PAPA’YI BİLE ALMADILAR
Şimdi soruyorum: Masonlar, Gül ve Haç’çılar ve Sion Tapınakçıları, yeni hazırladıkları AB Anayasası’na Vatikan’ı, Papa’yı ve Hristiyanlığın tanrısını bile almamışken, Müslüman Türkiye’yi AB’ye tam üye alırlar mı? AB bir uygarlık projesidir. Bu projenin baş mimarları ise AB’deki bazı gizli örgütler ve bunların üyeleridirler. Giscard d’Estaing’in dediği gibi: ‘Türkiye, AB müktesebatını hazmedemez.’
TAPINAKÇILAR
Tapınak Şövalyeleri, Hristiyanlık uğruna savaşmaya and içmiş bir Haçlı tarikatı olarak kurulmuş, ancak zamanla Kilise ile ters düşmüştür. Haklarındaki söylentiler sonucunda, Fransa Kralı ve Papa’nın ortak kararıyla tarikat dağıtılmış ve şövalyeler tutuklanmıştır. Uzun sorgulamalar sonucunda tarikatın sapkın bir öğretiye inandığına, kara büyü ayinleri yaptığına kanaat getirilmiş ve örgüt tamamen yasaklanmıştır. Yaygın kabule göre, tarikat varlığını yeraltında sürdürmüş ve zaman içerisinde masonluk adı altında yeni bir örgütsel yapıya kavuşmuştur.
GÜLHAÇ
Rosenkreutz, yani Gül Haç ilk kez 1710 yılında Breslau’da Samuel Richter’in ‘Altın ve Güllü Haç Kardeşliğinin Felsefe Taşı Oluşturmasının Gerçek ve Tam Yöntemi’ adlı kitabında rastlanan bir ifadedir. Richter, Teoloji okumuş bir Luther rahibiydi. Bu önemli çalışma sadece birkaç simya işlemini açıklamakla kalmayıp kardeşliğin anayasasını ve kurallarını da ortaya koymaktadır.
GNOSTİK
Ruhani konulara ve/veya gizli ilimlere ait bilgiye ve bu bilginin maddi Dünya’ya hükmetmeyi mümkün kılacağına ilişkin inanç merkezinde gelişen disiplinlerin genel adı.

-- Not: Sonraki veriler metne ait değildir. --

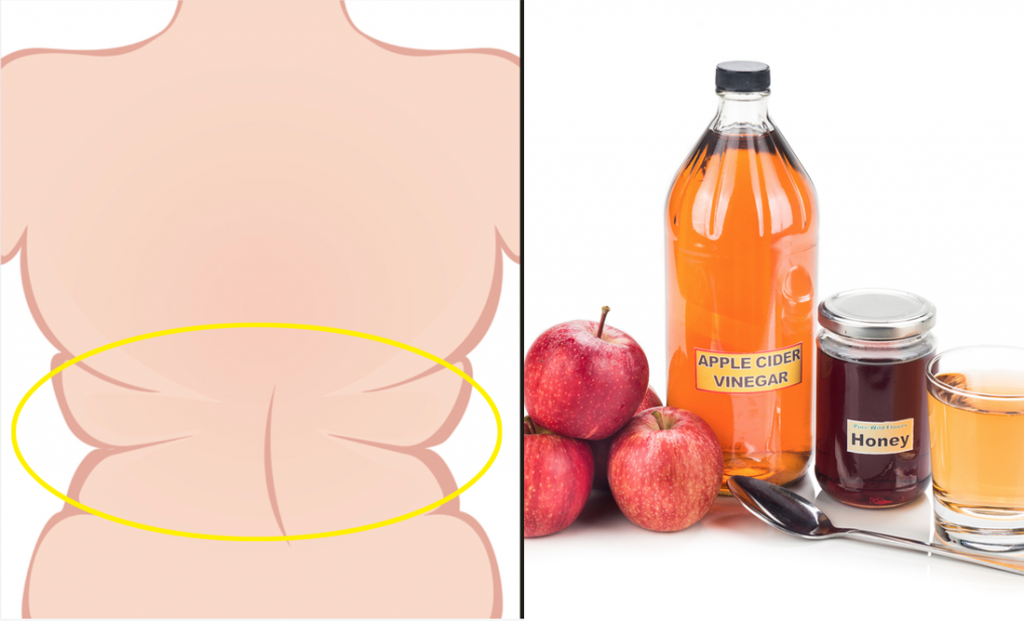 The Health Benefits Of Consuming Apple Cider Vinegar And Honey In The A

TÜRKİYE DEVLETTEN DE OLACAK
5 – Türkiye, AB yolculuğunda nereye gidiyor?
Türkiye, AB Anayasası’na – ne olduğunu bile okumadan – imza atmakla ulusal egemenlik haklarını AB’ye devretmeyi kabul etmiş olmaktadır. Bu Anayasa 2009 yılında yürürlüğe girecektir. Bundan beş yıl sonra 2014 yılında AB, bu Anayasa’ya dayanarak Türkiye’nin maliyesine el koyacaktır. Dikkat edilirse bu el koyma kararı da Türkiye tarafından zımnen kabul edilmiş ve imzalanmıştır. Böylelikle Türkiye, ‘AB’ye tam üye olacağım’ diye beklerken elindeki cumhuriyetten ve devletten de olacaktır. Çünkü egemenlik hakkının devri devletin de sonu demektir. Sonrası mı? Sonrasında eğer AB’nin masonları izin verirlerse Türkler 2014’te bir anıt mezar yaparak cumhuriyetin ruhuna fatiha okurlar. Bu tarihe bu notu düşmek istiyorum, o kadar…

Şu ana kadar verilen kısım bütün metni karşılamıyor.